At first, the episode seems like it’ll be another comedy of manners, with an emphasis on how Russian cultural customs, which tend toward the miserable in The Romanoffs’ telling, contrast with the couple’s nauseously giddy anticipation of becoming a family. Both Anka and their contact at the children’s home from which they’re adopting the baby, Elena (The Americans’ Annet Mahendru, still carrying some tinge of that show’s dark energy with her wherever she goes), have to keep reminding Joe not to smile, since the locals — especially the armed ones — think this makes you look crazy. Joe obliges every time with hilarious intensity, as if Ferguson were switching back and forth between comedy and tragedy masks he borrowed from the local high school drama-club.
This gag gains real bite when Anka and Joe meet their daughter for the first time. Gone is the playful infant they’d viewed in videos over the internet. In her place is a child who’s mute, limp, unresponsive, covered in a horrible rash. (The condition, we learn later after Anka decodes a cryptic word repeated by one of the other children at the home, is a result of fetal alcohol syndrome.) A painfully prolonged close-up from a perspective that roughly aligns us with the baby herself tracks the couple’s faces as their joy gives way to the awful realization that something is very wrong. If Hahn and Ferguson weren’t so naturally fun to watch, this wouldn’t be nearly as painful to witness.

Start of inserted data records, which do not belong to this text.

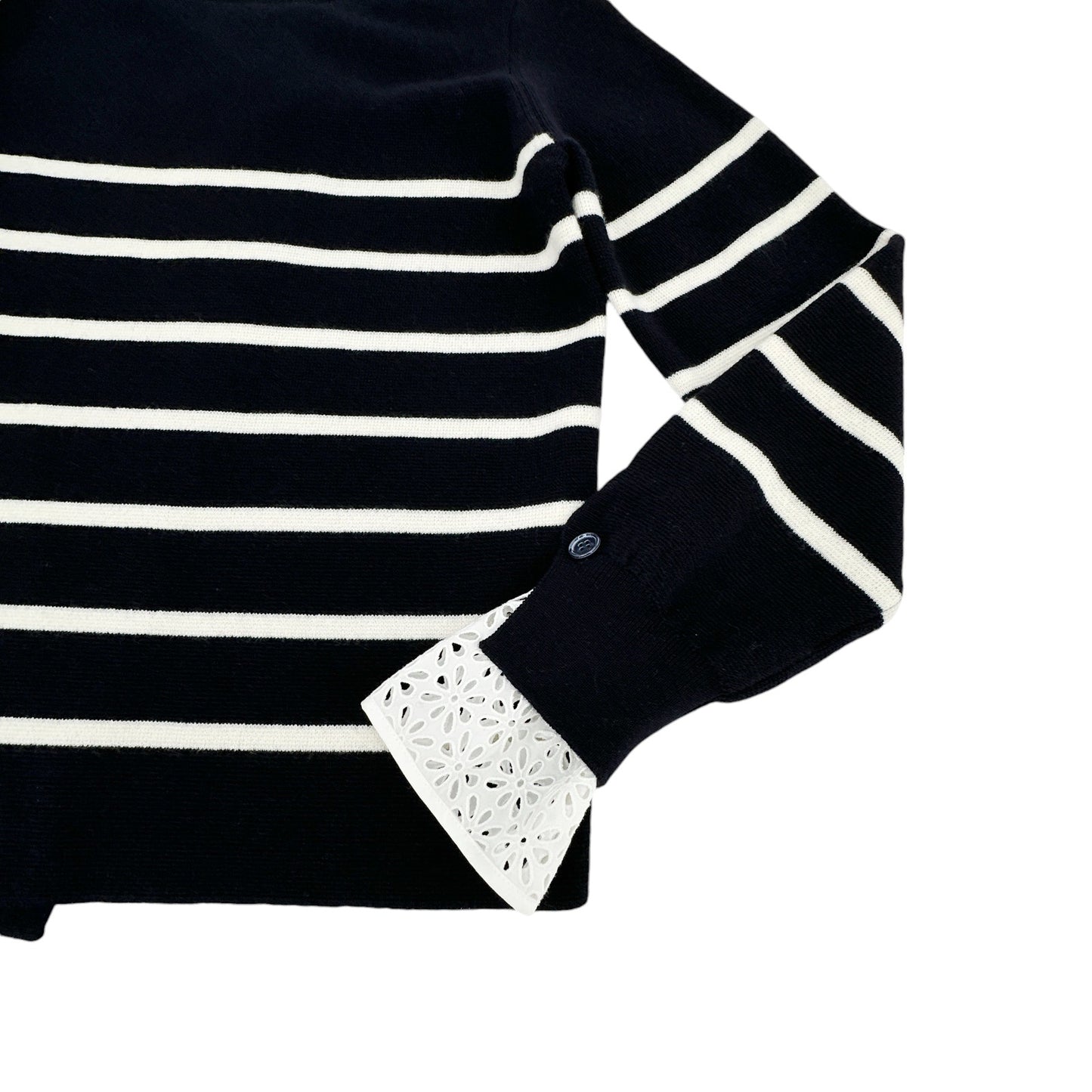 3.1 PHILLIP LIM Sailor Stripe Lace Cuff Sweater S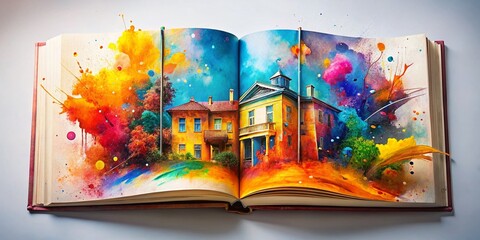 Poster - Abstract Journal Page Design: Paint Splatter & Brushstrokes Architectural Photography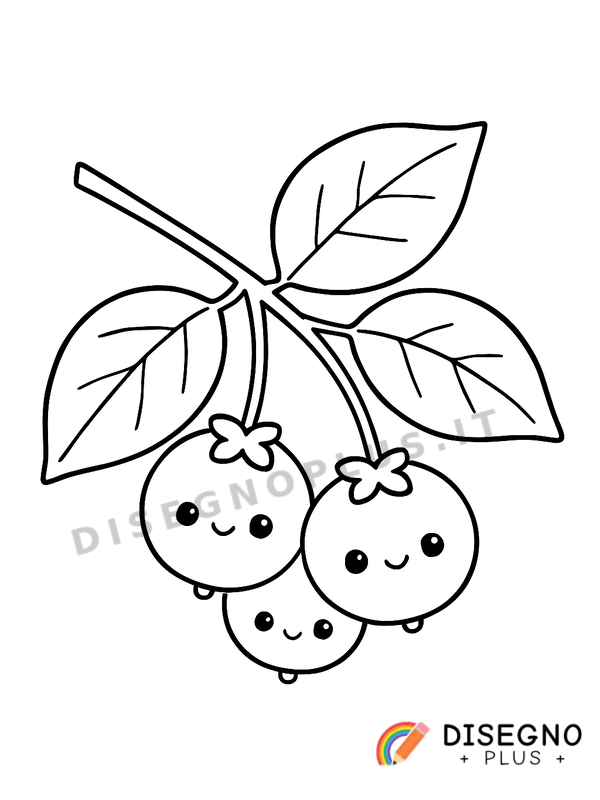 Disegno More sul ramo con foglie verdi   da stampare e colorare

Nor would the absolutely brutal argument that ensues when they return to their hotel at the end of the day — the first fight of this kind that reaches Mad Men levels of intense, weaponized intimacy. (It reminded me of the “That’s what the money’s for!” battle between Don and Peggy in “The Suitcase.” How’s that for high praise?) The disagreement is devastatingly simple, all the more so for how long it takes each to realize what the other is really saying: Anka, feeling crushed and defrauded, does not want to adopt this baby; Joe, feeling empathetic and obligated, wants to do so no matter what.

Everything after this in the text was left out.